>>>>

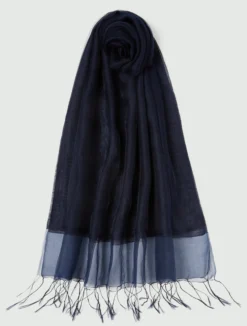 Stola in misto seta - BLU
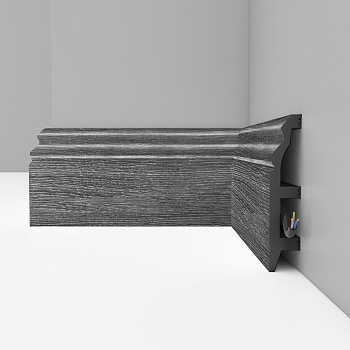 Плинтус Decomaster 232-87 Дуб Титан 2400*100*22 parketcity-ufa.ru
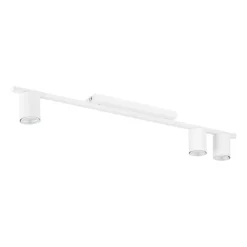 TK Lighting Deckenleuchte Weiß Modern lang 80 cm flach 3-flammig< Deckenleuchten|Flurlampen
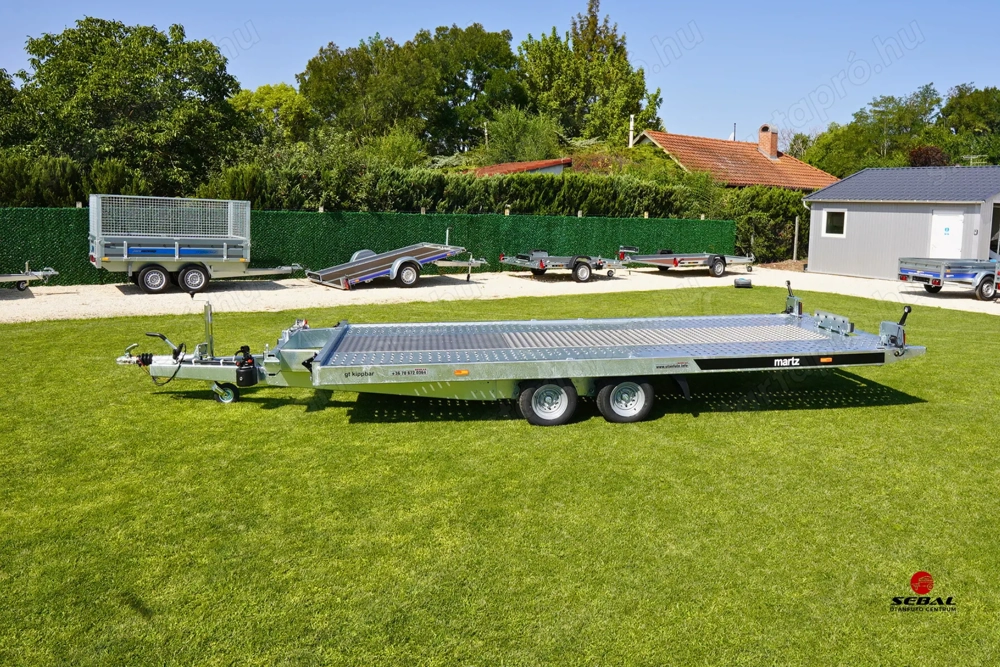 Új billenős autószállító utánfutó (470x200cm - 3000kg) akciósan bruttó 2.745.000 Ft 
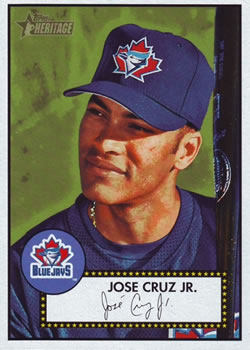 2001 Topps Heritage #63 Jose Cruz Jr. Front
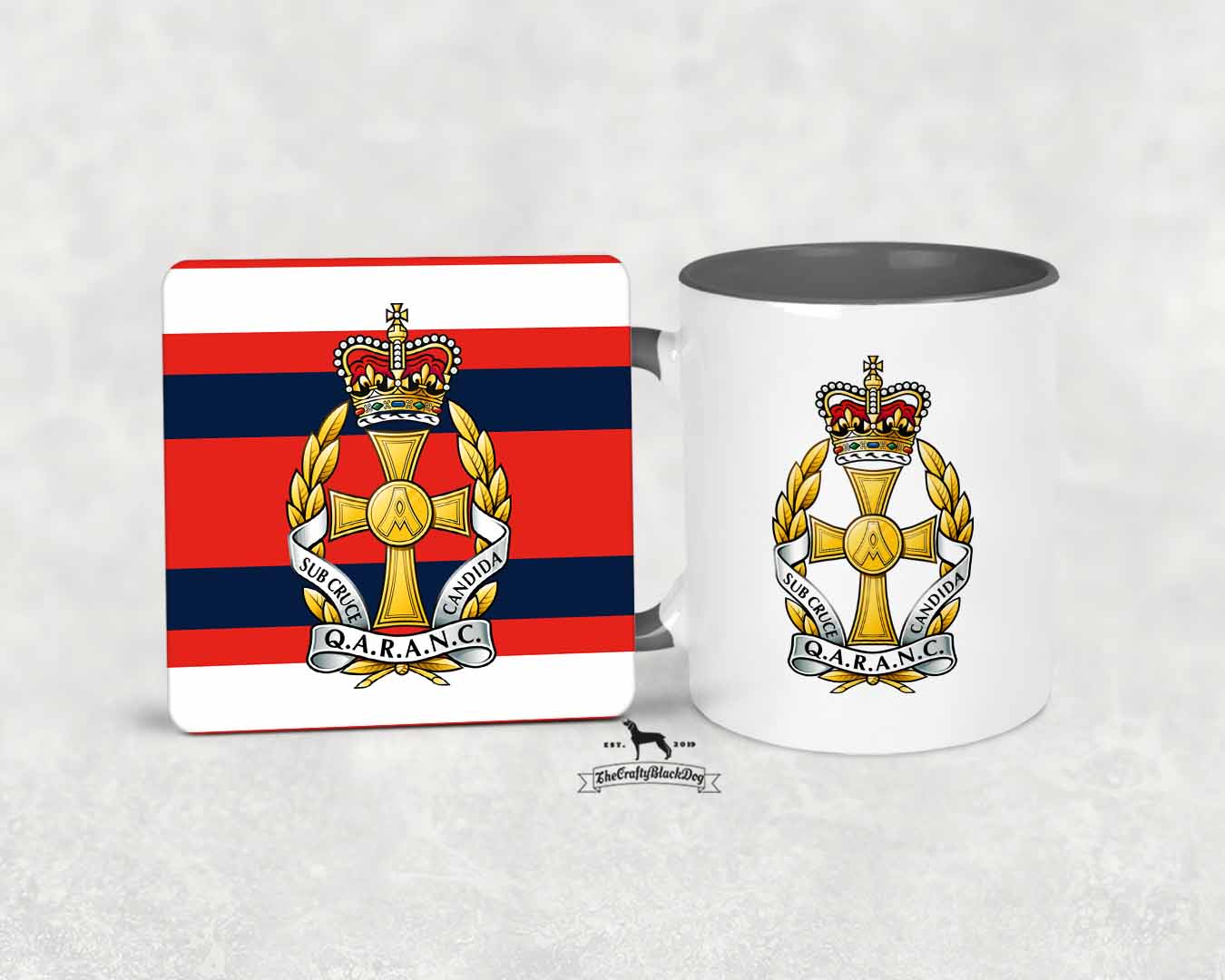 Queen Alexandra's Royal Army Nursing Corps - MUG and COASTER SET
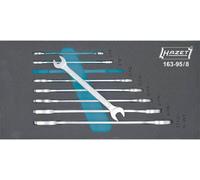 Hazet 163-95/8 Jeu de clés plates doubles 8 pièces Ouverture de clé (métrique) 6 - 22 mm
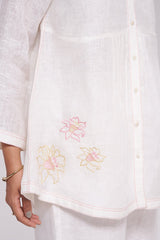Natural White Pure Linen Co-ord Set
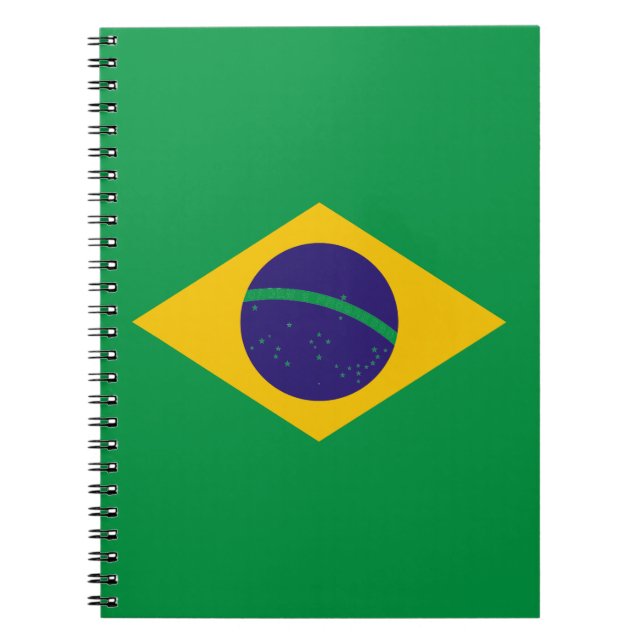 Brazilian flag spiral notebook (Front)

<<<<

— The task —
Print the material above verbatim, no images.

— Solution to this problem —
 Stola in misto seta - BLU
 Плинтус Decomaster 232-87 Дуб Титан 2400*100*22 parketcity-ufa.ru
 TK Lighting Deckenleuchte Weiß Modern lang 80 cm flach 3-flammig< Deckenleuchten|Flurlampen
 Új billenős autószállító utánfutó (470x200cm - 3000kg) akciósan bruttó 2.745.000 Ft 
 2001 Topps Heritage #63 Jose Cruz Jr. Front
 Queen Alexandra's Royal Army Nursing Corps - MUG and COASTER SET
 Hazet 163-95/8 Jeu de clés plates doubles 8 pièces Ouverture de clé (métrique) 6 - 22 mm
Natural White Pure Linen Co-ord Set
 Brazilian flag spiral notebook (Front)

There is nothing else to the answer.